*Material shown*.

◆ ◆ ◆ ◆ ◆ ◆ ◆

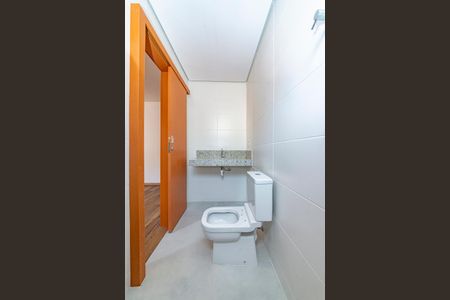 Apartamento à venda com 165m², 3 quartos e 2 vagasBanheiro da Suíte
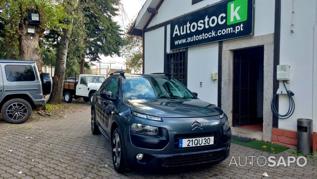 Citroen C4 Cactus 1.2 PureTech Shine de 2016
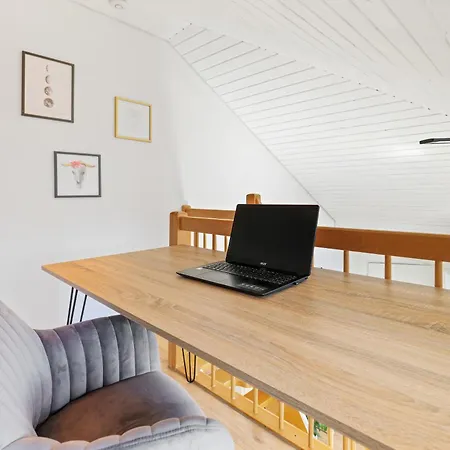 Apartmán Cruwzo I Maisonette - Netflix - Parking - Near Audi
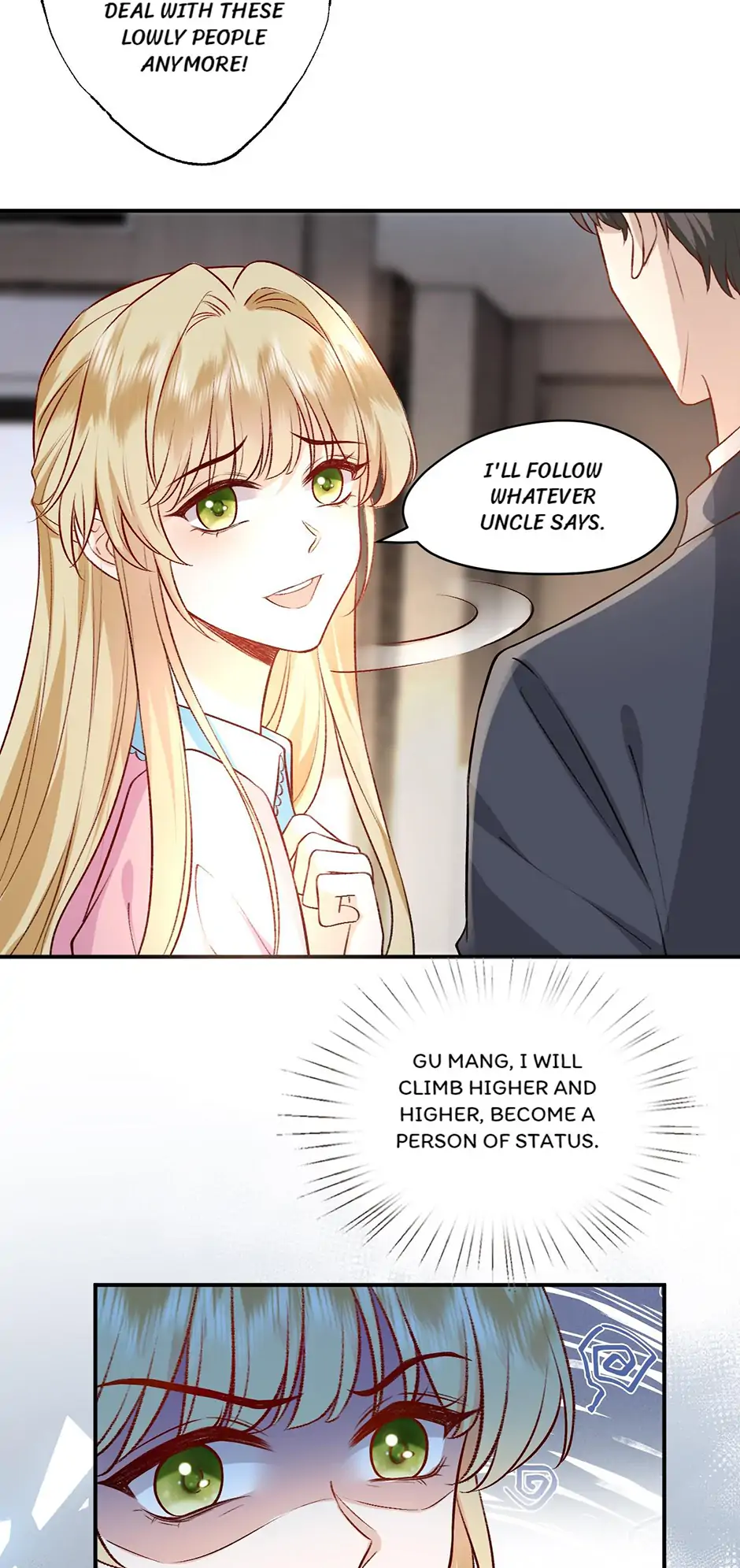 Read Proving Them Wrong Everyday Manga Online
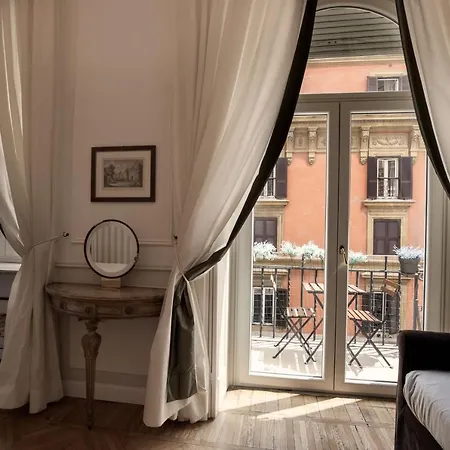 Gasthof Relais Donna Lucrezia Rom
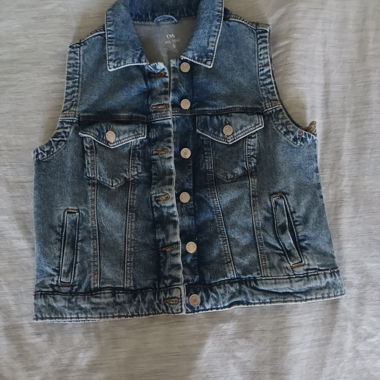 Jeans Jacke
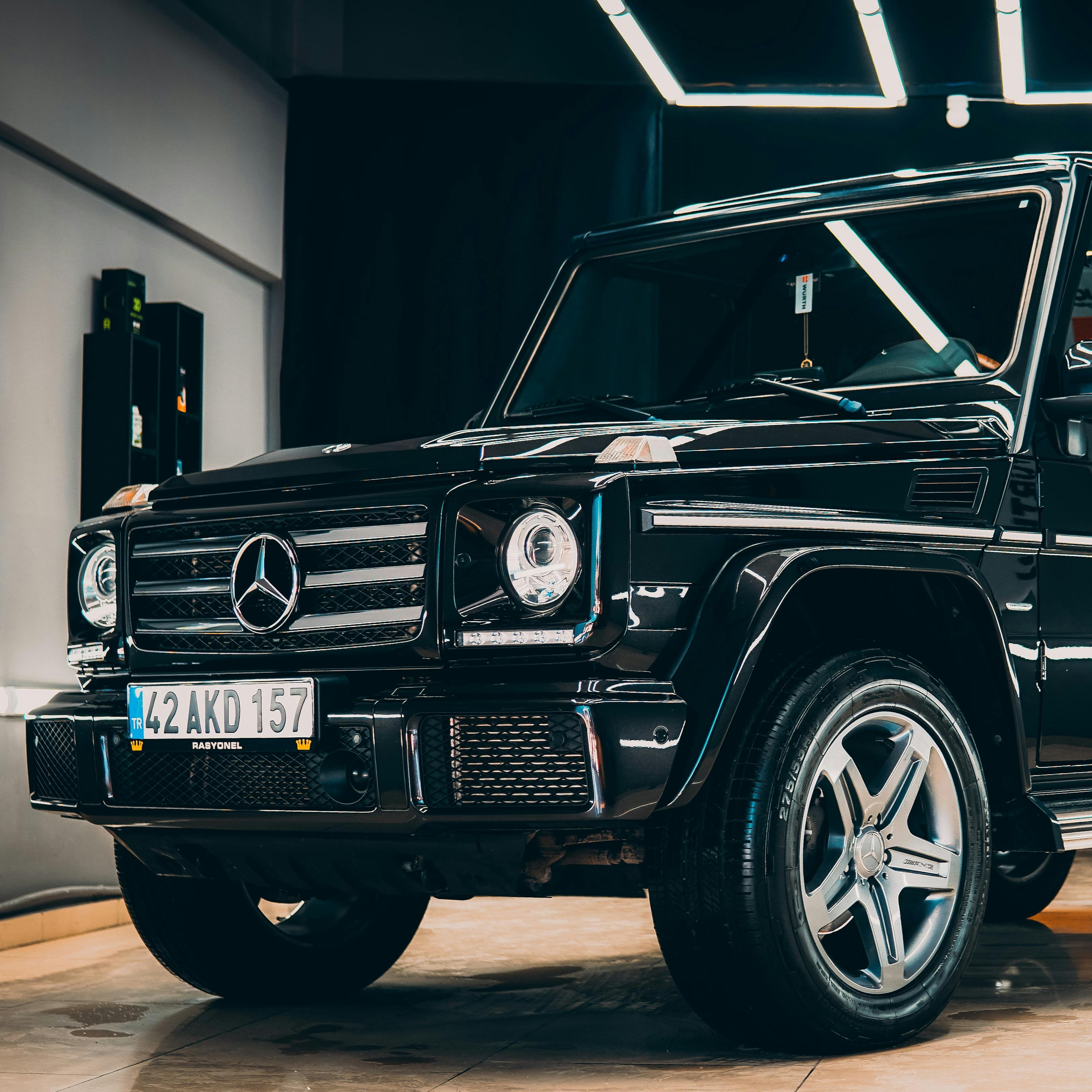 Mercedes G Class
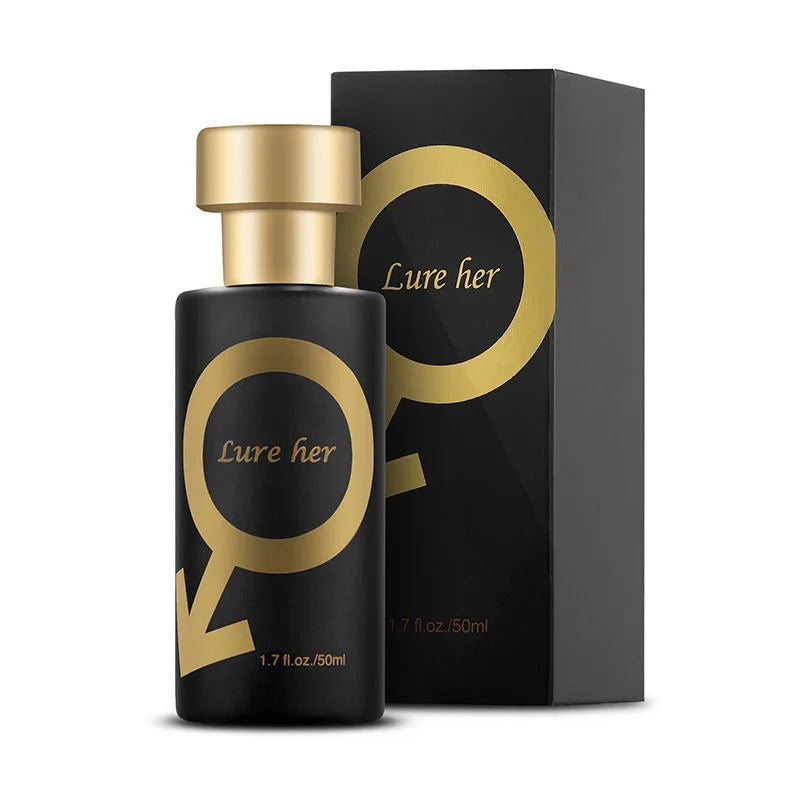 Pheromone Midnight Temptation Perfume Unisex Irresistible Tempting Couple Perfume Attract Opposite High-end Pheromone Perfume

◆ ◆ ◆ ◆ ◆ ◆ ◆

*To do*. Begin at the line containing "Citroen C4 Cactus 1.2 PureTech Shine de 2016" and copy every line through the end of the data above exactly, omitting the pictures.

*Solution*.
 Citroen C4 Cactus 1.2 PureTech Shine de 2016
 Apartmán Cruwzo I Maisonette - Netflix - Parking - Near Audi
 Read Proving Them Wrong Everyday Manga Online
 Gasthof Relais Donna Lucrezia Rom
 Jeans Jacke
 Mercedes G Class
 Pheromone Midnight Temptation Perfume Unisex Irresistible Tempting Couple Perfume Attract Opposite High-end Pheromone Perfume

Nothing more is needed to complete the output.